Assis dans ce bar, ils sont quatre. Des milieux, des professions, des univers que tout oppose, mais un grand point commun : les lieux coquins en Belgique. 

S* : « Moi j’y vais parce que ma copine aime ça »

D : « Moi… Pour regarder »

E : « Je ne pense qu’à ça. J’attends le week-end avec impatience »

G : « J’ai suivi D, pour m’amuser… Et je démarre dans cet univers qui me promet de bonnes surprises »

Au gré des explications, on passe de « la soirée du samedi soir » aux complexités de la sexualité d’aujourd’hui. D’abord un verre, à Lille, puis la route. À moins de 30 kms, la frontière avec la Belgique leur procure une montée en puissance de sensations à venir. Pour l’un, « un peu peur à chaque fois, je ne sais pas pourquoi ». Pour son voisin, « les choses sérieuses commencent enfin à ce moment-là, car un verre à Lille c’est surfait. On s’ennuie ».
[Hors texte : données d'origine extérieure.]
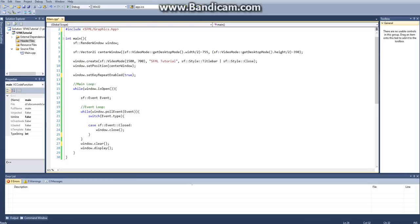Hello everybody and welcome to my second SFML tutorial. In this tutorial I will be showing you how to create a player class and how to move that player.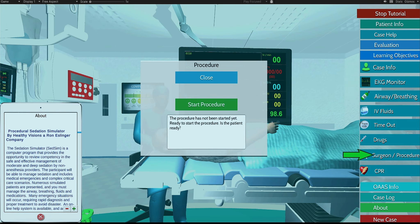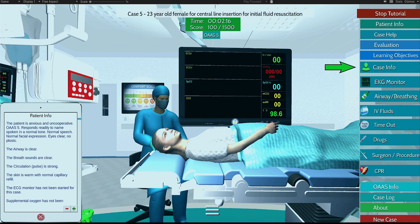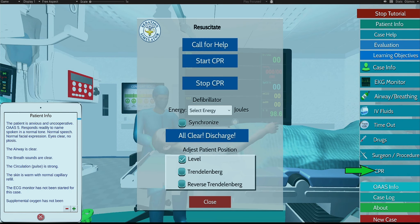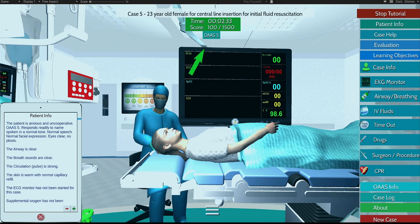This icon is to start your patient's procedure. An OAAS 3 or below is required to start the procedure. During your patient's procedure, continue to monitor your vitals and case info — you may be required to perform additional tasks to successfully complete the procedure. This icon is used in the event your patient requires CPR. This is your case time and total score. You must have a thousand or more points to successfully complete your patient's case. This is your patient's current OAAS level. Contact us if you have any questions.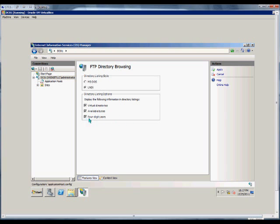And the last option is we can allow four-digit years, so you can see that spelled out. It makes it a little bit easier to understand the file date that was created.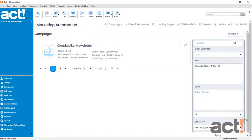When designing your email templates, you can add your own icons to support your company's brand. In this video, I want to show you how you can add icon images to your email templates in ACT Marketing Automation. Icons work in a similar way to social media buttons, but the difference is that you can use any image from your image library.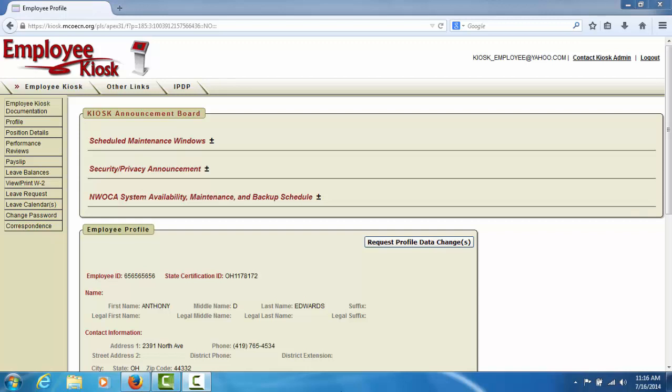In this tutorial of the employee kiosk, we will demonstrate how to view your processed leave requests in the kiosk.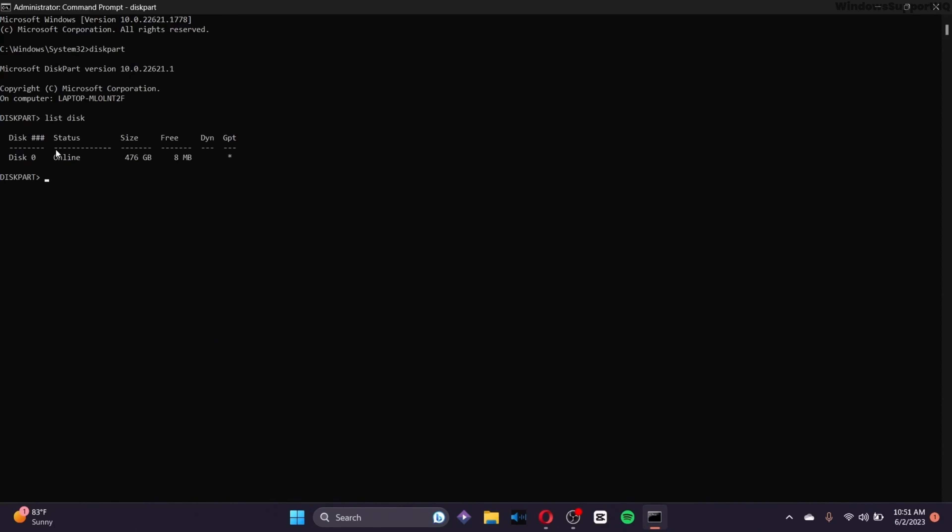Now the list of disks will be presented on your screen right here. If you have disk 1 or 2, you can list the disks, or else type select disk and the number of disks that you have. I just have the disk name disk 0, so let me type disk 0 right here.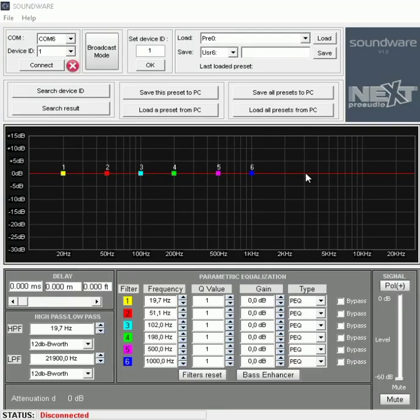Taking a look at the software side of Next Pro Audio, the software is Soundware. You can easily download it on their website.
Le troisième, D, avoue ne pas vouloir « basculer ». Basculer dans quoi ? « Dans un univers où il est impossible de faire marche arrière ». « Quand on met les pieds là-dedans, au début on se marre pour cacher sa gêne. Ensuite on découvre, les couples qui pensent qu’il faut s’ouvrir à de nouveaux échanges pour avancer, les propositions assez crues, votre pote qui s’amuse juste devant vous… ». Est-ce une réalité que l’on se cache, ces soirées libertines ? Une façon de pouvoir faire durer un couple ? Ou le triste reflet du malaise des sociétés « sur-développées » où il est bon de consommer à outrance ?

« DSK, ce héros »

« Quand on fréquente ce genre d’endroits, on saisit les nuances que permet la sexualité » avance S. « Aimer sa partenaire, mais apprécier aussi de la partager ». Tous ne sont pas d’accord sur cette perspective. « Mais aimer de diverses façons, cela peut être une façon d’échapper au missionnaire du samedi soir », précise E. Lorsque l’on évoque l’affaire DSK, les « parties fines » décrites par la presse, ils sont dans un premier temps réservés dans leurs réponses : « il aime ça, quel est le problème ? ». La messe est dite… « Cependant, qu’il ait usé de son statut pour forcer cette femme de chambre à assouvir ses besoins a été une terrible erreur ». Peu à peu, quelques sourires en biais se dessinent. « Non les mecs arrêtez, moi je vois DSK je lui serre la main, admiratif ! » lâche D, s’esclaffant dans un premier temps puis gêné dans un second. Il a 25 ans, on pourrait mettre cela sur le dos de sa jeunesse, sauf que les trois autres explosent de rire à leur tour, validant unanimement le propos.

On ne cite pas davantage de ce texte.